Jack Reeves
- Born: Jack Reeves 5 May 2000 (age 26) Bristol, England
- Height: 1.80 m (5 ft 11 in)
- Weight: 88 kg (13 st 12 lb)
- School: Hartpury College

Rugby union career
- Position(s): Centre, Wing
- Current team: Gloucester

Amateur team(s)
- Years: Team / Apps / (Points)
- Dursley RFC

Senior career
- Years: Team / Apps / (Points)
- 2017–2024: Gloucester / 41 / (40)
- 2017–2020: → Hartpury University / 0 / (0)
- 2021–2022: → New England Free Jacks / 13 / (0)
- 2025–: New England Free Jacks / 10 / (20)
- Correct as of 9 August 2023

International career
- Years: Team / Apps / (Points)
- 2017–2018: England U18 / 5 / (20)
- 2019: England U20 / 2 / (0)

= Jack Reeves (rugby union) =

English rugby union player (born 2000)

Jack Reeves (born 5 May 2000) is an English rugby union player who plays centre or wing for New England Free Jacks in Major League Rugby

==Career==
Reeves originally took up rugby at five years old and was coached by his father at Dursley RFC before joining Gloucester Academy in 2014. He helped Hartpury University win the AASE Championship title in December 2017.

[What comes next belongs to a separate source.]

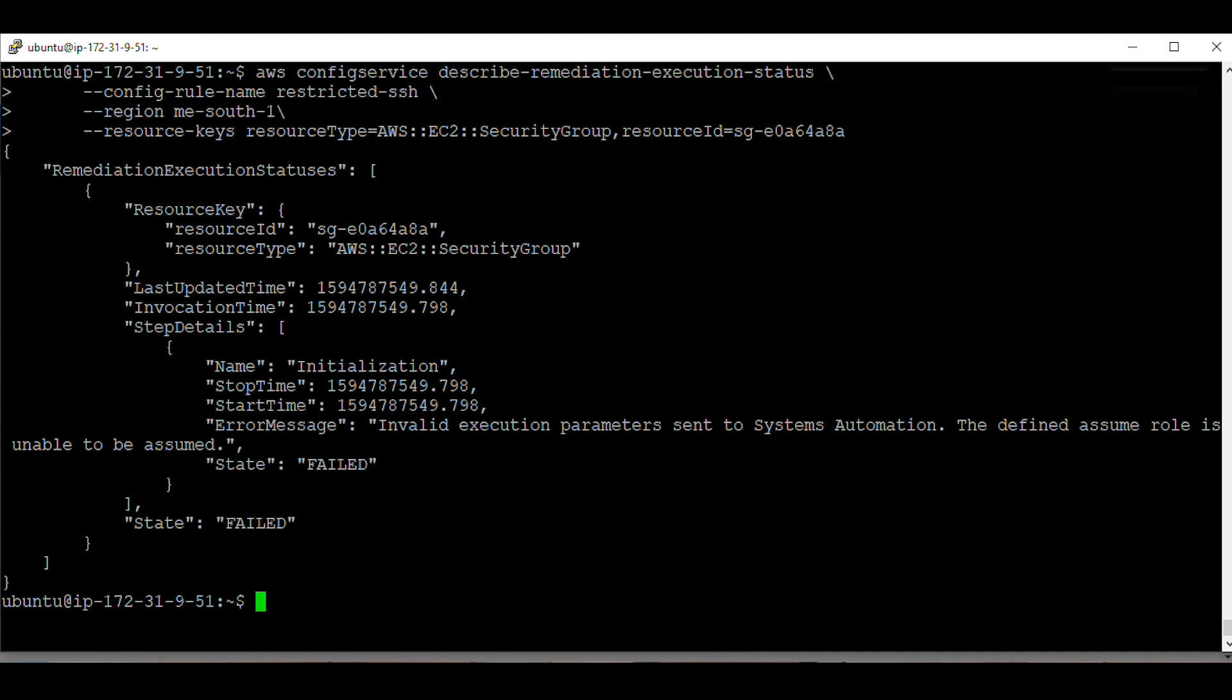Knowing this will help you fix the remediation execution issue accordingly with your Config rule.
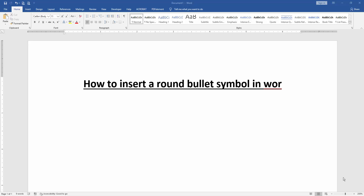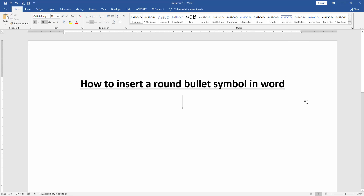Assalamu alaikum. Hello friends, how are you? Welcome back to our new video. In this video, I am going to show you how to insert a round bullet symbol in Microsoft Word. Let's get started.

In March 2018 Reeves started for England U18 against Wales. The following year saw him feature in the 2019 Six Nations Under 20s Championship.

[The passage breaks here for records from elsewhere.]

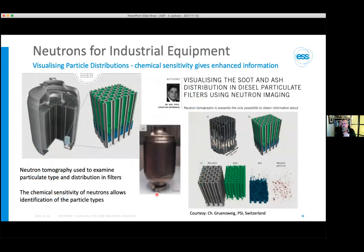Another case where chemical sensitivity of neutrons can be applied is studying the chemical distribution of particulates — in this case, diesel filters. Neutron tomography was used to look at the structure of a filter in place, and the chemical sensitivity of neutrons was used to separate out the components: metallic components, ash, soot, and the actual monolith of the diesel filter itself. This is yet another example where chemical sensitivity and penetrating power are key to understanding how a real-world device operates.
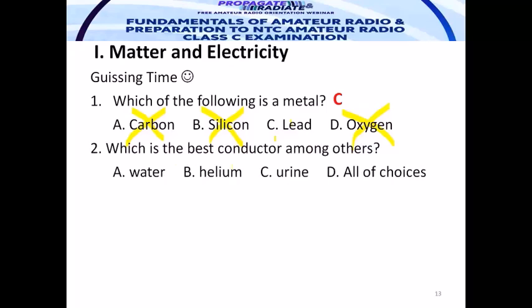Which is the best conductor among the choices? Pure water is an insulator — there are no electrolytes, no ions involved. Helium is a gas. So by elimination, the answer is letter C: urine — a liquid containing many electrolytes and many ions.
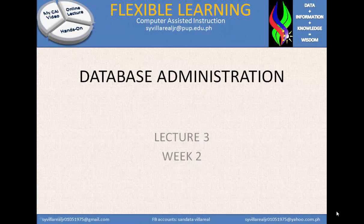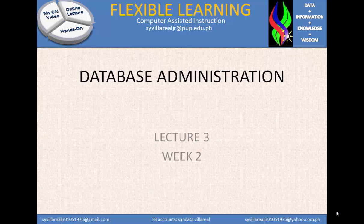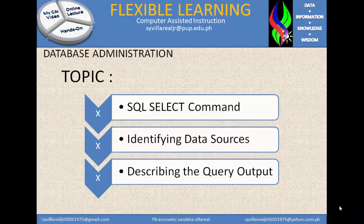Hi, I'm Sandhaka EF Villarreal Jr. Welcome to Video Assisted Instruction Database Administration Series. Right now we're in Week 2, Lecture 3. We have three topics: the first one is the SQL SELECT command, the second one is identifying data sources, and the third one is describing the query output.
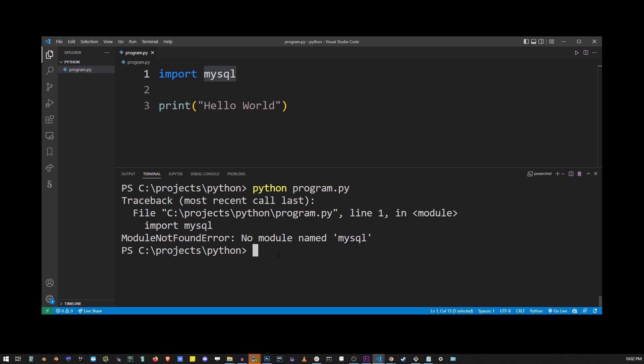Now there are two things you need to do and I'm going to explain exactly what they are. First, run pip install MySQL.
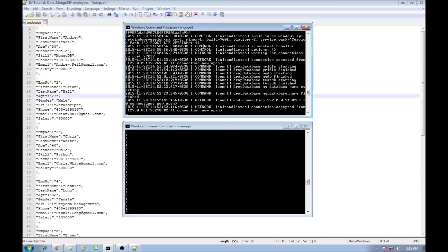Now in the first window I have connected to the MongoD instance and in the second window I have connected to MongoShell.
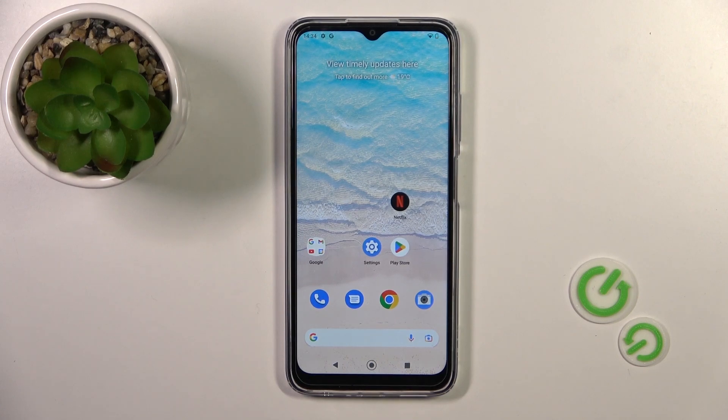Hi, today I'm here for all of you with the Nokia G22, and I'll show you how to hide developer options on this device.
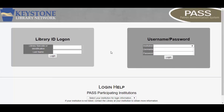If the Username Password section of the login screen doesn't work, you can use the Library ID Logon section instead. Your library barcode number is your ID number with the numbers 1-5-0 or 1-5-0-0 before your ID number.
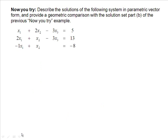Now you try: describe the solutions of the following system in parametric vector form and provide a geometric comparison with the solution set from part b of the previous example. This is the same system from part b but non-homogeneous. We'll talk about this in class.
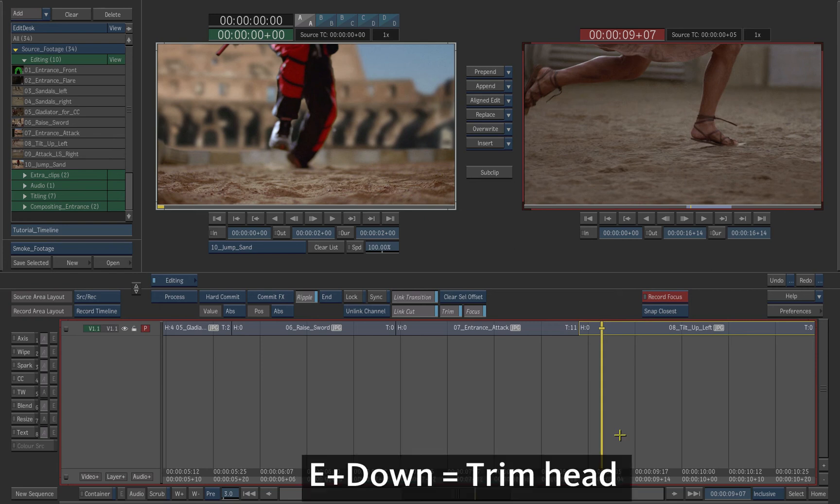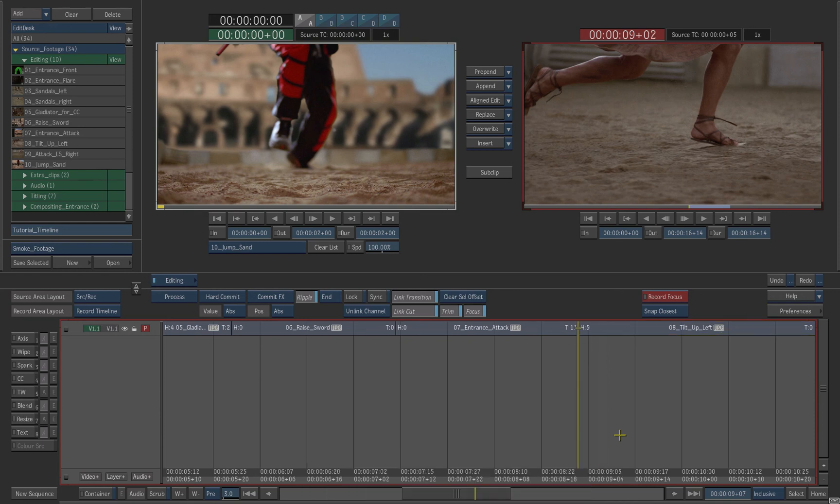This time press E down on the keyboard. The frames are trimmed from the head of the clip.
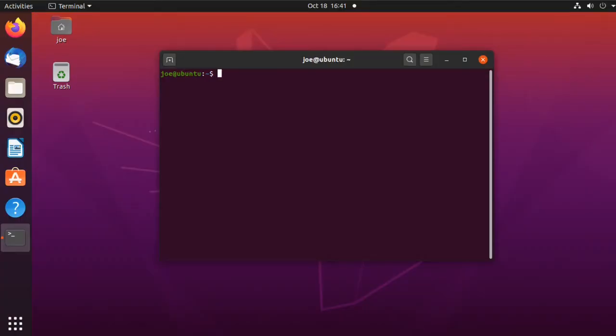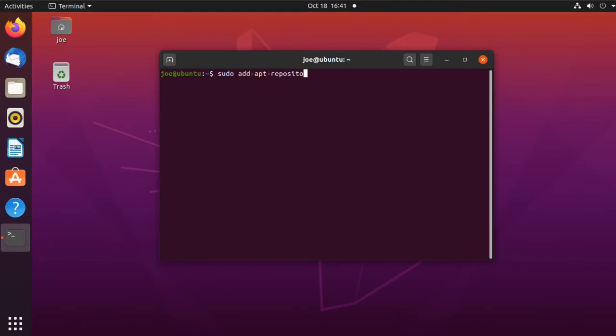To install Microsoft fonts in Ubuntu 20.04, go to your terminal and type sudo add-apt-repository multiverse.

In October 2018 Reeves made his club debut for Gloucester in a 31–7 victory over Wasps in the Premiership Rugby Cup. He spent the 2022 Major League Rugby season on loan with American side New England Free Jacks for further development. In November 2022 Reeves made his first Premiership start against Sale Sharks and later that season in March 2023 extended his contract to stay at Kingsholm.

In January 2025 it was announced that Reeves would return to the New England Free Jacks this time on a permanent basis.